И вдруг король, своим отношением к делу, точно подтвердил эти химеры. Депутация Собрания, принятая после долгого ожидания, была встречена сухо. Не только она не добилась того, чтоб войска были отозваны, но Людовик XVI приказал депутатам остаться в Версали, где присутствие их могло быть необходимо для важных дел, "последствия которых, - прибавил иронически король - я прошу вас иметь в виду"... Анри не знал этого ответа, - но он знал, что, каков бы ни был ответ Людовика XVI, он не удовлетворит ни Собрание, ни улицу.

"Революция, - писал он, - настала для нации, и m-me Роган должна знать, что даже если бы реакция взяла верх на время, то господствовало такое отвращение к возврату прошлого, что новые междоусобия неминуемы".

Но что могло быть общого между этим оратором, и его безнадежным ослепленьем верностью и преданностью?..

"Как видно, никто не слыхал меня", - заметил он... Никто не соблаговолил ему даже ответить.
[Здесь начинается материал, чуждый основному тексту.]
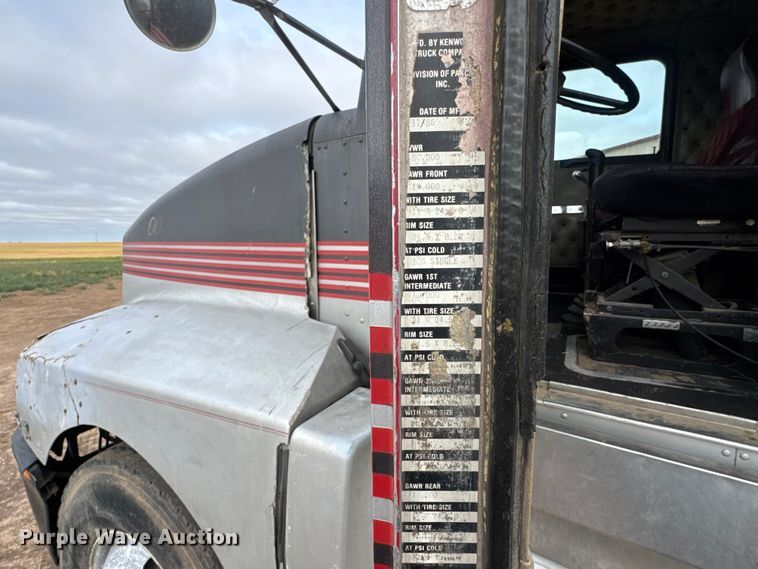 image for item NA9320 1987 Kenworth T600A dump truck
Это уже был не прежний гнев... "в глазах m-me де-Роган искрилось презрение"...

"то безнадежное разстояние, которое делало их совершенно чужими друг другу". Она отдалась прошлому, он ринулся в будущее. Его благодетельница напоминала собою статую, которая вдруг обернулась бы сразу вся. Анри понял, что отныне между ним и этим мрамором все кончено. . . . . . . . . . . . . . . . . . . . . . . . . . . . . . . . . . . . . . . . . . . . . . . . . . . . . . . . . . . . . . . . . . . . . . . . . . . . . . .

Его дочь продолжает это печальное повествование:

"... Мой отец едва ли знал, что делал, отправляясь в Версаль... В свою очередь, не внимая мольбам моей матери, он уехал.

"Он уехал, почти не отвечая ей, она тоже сознавала, что прошлое рушилось и хотела бежать с отцом. Но он был неумолим.

"Не имея возможности разсчитаться за долг счастливого прошлого, она хотела, чтобы мы расквитались за него. Заботы моей матери были необходимы для m-me де-Роган... Увезти ее было бы со стороны моего отца местью недостойного его благородного сердца. . . . . . . . . . . . . . . . . . . . . . . . . . . . . . . . . . . . . . . . . . . . . . . . . . . . . . . . . . . . . . . . . . . . . . . .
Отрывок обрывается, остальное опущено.